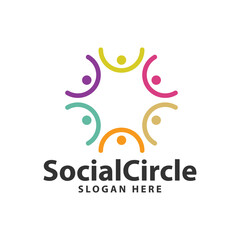 Colorful Social cirle hand together line logo design template inspiration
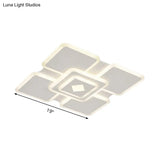 Modern Square Acrylic Led Ceiling Light In White With 3 Adjustable Brightness Levels
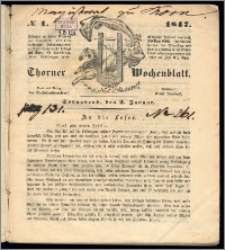 Thorner Wochenblatt 1847, No. 1 + Beilage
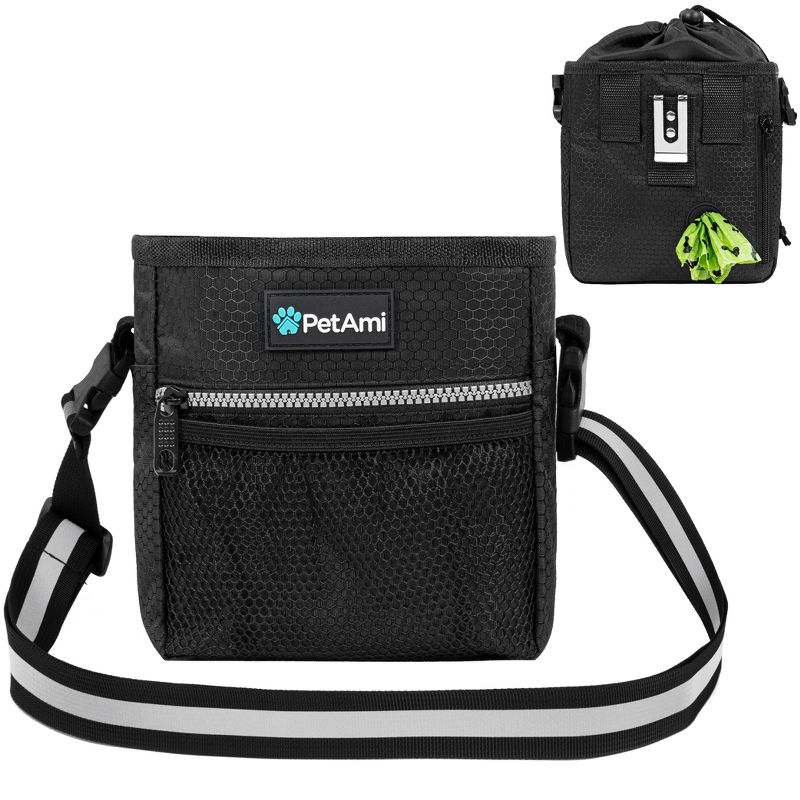 PetAmi Dog Treat Pouch, Pet Training Walking Bag Holder for Kibbles Food Toy, Trainer Essentials Supplies with Waste Dispenser (Black)
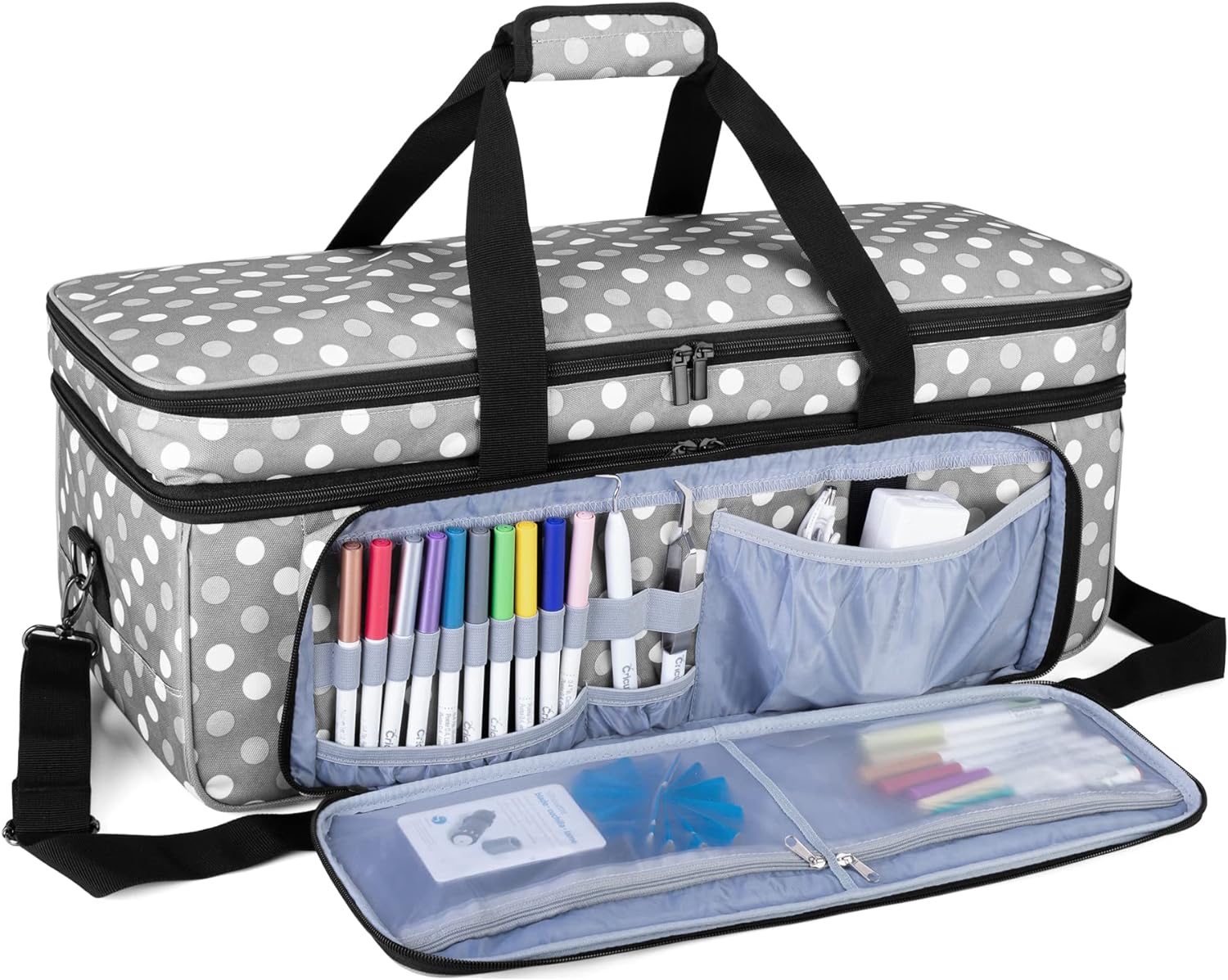 LUXJA Double-layer Carrying Case Compatible with Cricut Die-Cut Machine, 2 Layers Bag Compatible with Cricut Explore Air (Air 2) and Maker (Patent Design), Gray Dots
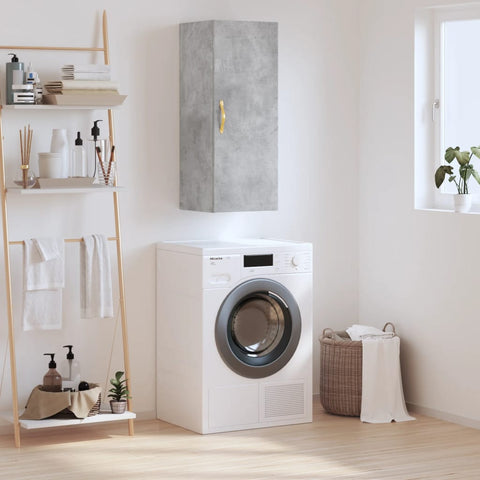 vidaXL Wall Mounted Cabinet Concrete Grey 34.5x34x90 cm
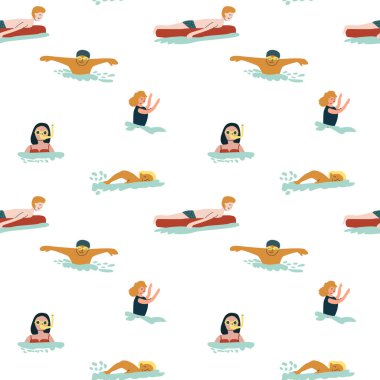 Renkli çizgi film yüzücüleri çeşitli yüzme pozları veren farklı insanlar..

**Work required**
What is needed is the exact run of lines from the start of the data through the line with "Thorner Wochenblatt 1847, No. 1 + Beilage", both ends included, minus the pictures.

**Output below**
 Colorful Social cirle hand together line logo design template inspiration
 Modern Square Acrylic Led Ceiling Light In White With 3 Adjustable Brightness Levels
 Thorner Wochenblatt 1847, No. 1 + Beilage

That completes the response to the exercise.